Les intermittents du spectacle, premier champ de fusion des branches

Si la loi du 5 mars 2014 marque le lancement officiel du chantier de restructuration des branches, une première phase opérationnelle avait déjà été réalisée au début des années 2000. L’idée a germé avec des rencontres entre le ministère du Travail et des représentants patronaux de fédérations professionnelles, comme en témoigne Jean-Denis Combrexelle, alors directeur des relations du travail1 : « Il ressortait de ces entretiens que certaines branches n’avaient pas toujours les moyens d’assurer des négociations de qualité. Manifestement, elles n’avaient pas la taille critique pour négocier des accords et en assurer le suivi. Les accords qui étaient conclus au sein de ces branches versaient dans une forme de « juridisme ». Les textes évoquaient des points de droit ou le Code du travail, mais ne portaient pas une vision de l’avenir économique et social de la branche. L’attention portée à des points très techniques et juridiques était clairement un moyen de masquer le manque d’ambition sociale. » Une première expérimentation a porté sur la question des intermittents du spectacle. Gérard Larcher et Renaud Donnedieu de Vabres, alors ministre de la Culture, ont rencontré leurs représentants pour faire passer le nombre des conventions collectives les concernant de 40 à moins d’une dizaine. « Sur une période de trois ans, ce sont environ 800 réunions qui ont été réalisées, se souvient Jean-Denis Combrexelle. Nous avons essayé de mettre sur pied un système qui incluait des dispositions transversales, communes à tous les secteurs, et d’autres, verticales, spécifiques. Cette approche a permis de passer de 40 branches à 8 et ce fut une réussite. Les présidents des commissions mixtes paritaires, qui sont des fonctionnaires, ont joué un rôle important de go-between entre les partenaires sociaux et la direction générale du Travail. »
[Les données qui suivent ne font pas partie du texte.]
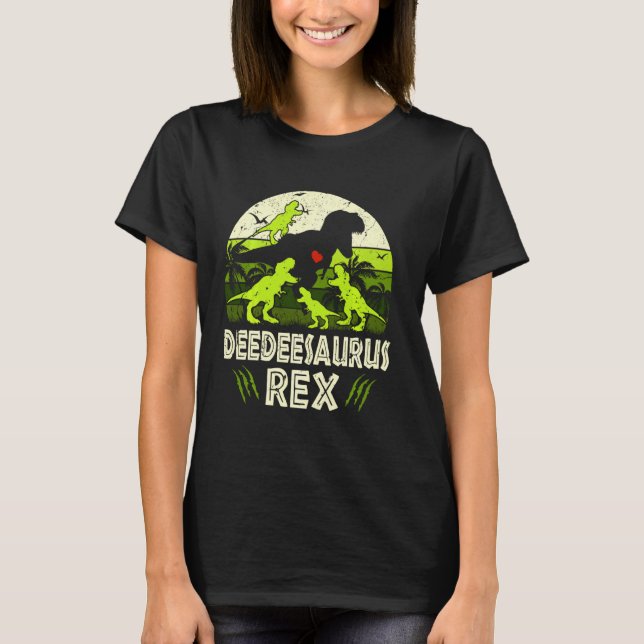 Camiseta Deedee Dinosaur T Rex Deedeesaurus 4 Crianças Famí (Frente)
(1) CNNCEFP : Commission nationale de la négociation collective, de l’emploi et de la formation professionnelle.

(2) AGFPN : Association de gestion du fonds paritaire national chargée de gérer le Fonds pour le financement du dialogue social. En 2021, l’AGFPN a distribué 134,4 millions d’euros aux organisations syndicales et patronales.

(1) La direction des Relations du travail, ancêtre de l’actuelle direction générale du Travail.